◆ EXERCISE BRIEF ◆
Your answer must be one number: the count of lines below that hold the word "with".

◆ EXCERPTED RECORDS ◆
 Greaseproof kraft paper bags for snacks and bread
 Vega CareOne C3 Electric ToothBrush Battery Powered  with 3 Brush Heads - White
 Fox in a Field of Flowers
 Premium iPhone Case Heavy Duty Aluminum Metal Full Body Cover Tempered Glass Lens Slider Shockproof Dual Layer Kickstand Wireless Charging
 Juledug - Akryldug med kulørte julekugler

...

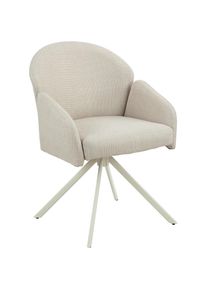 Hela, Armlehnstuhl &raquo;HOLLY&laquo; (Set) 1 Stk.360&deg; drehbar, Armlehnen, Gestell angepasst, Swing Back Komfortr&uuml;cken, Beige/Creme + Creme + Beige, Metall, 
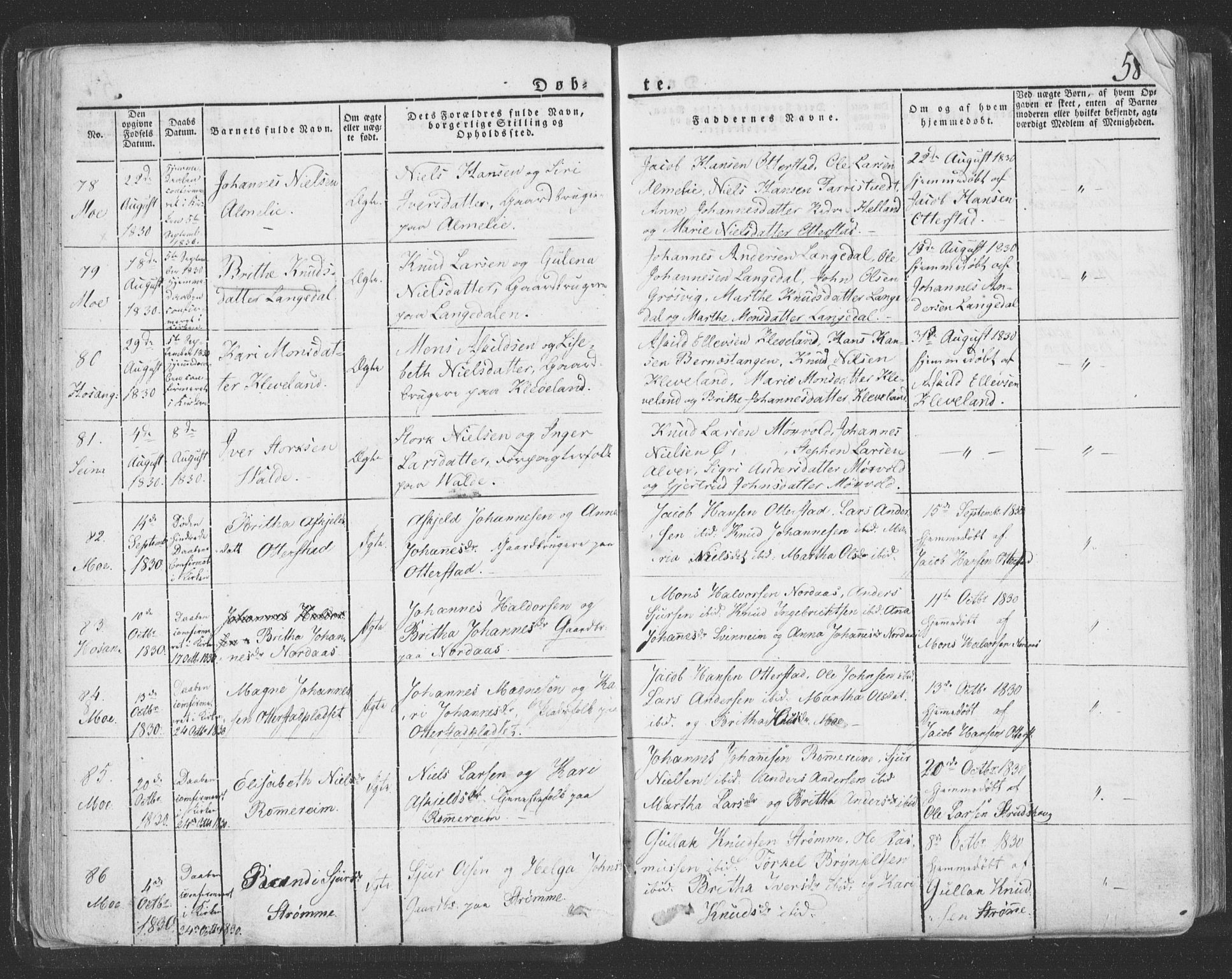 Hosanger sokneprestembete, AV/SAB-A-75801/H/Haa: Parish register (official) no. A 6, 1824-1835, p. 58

---

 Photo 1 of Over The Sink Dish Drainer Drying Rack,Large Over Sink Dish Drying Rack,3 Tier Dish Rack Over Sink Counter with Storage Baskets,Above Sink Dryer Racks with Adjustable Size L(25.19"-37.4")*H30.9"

◆ RESPONSE AREA ◆
2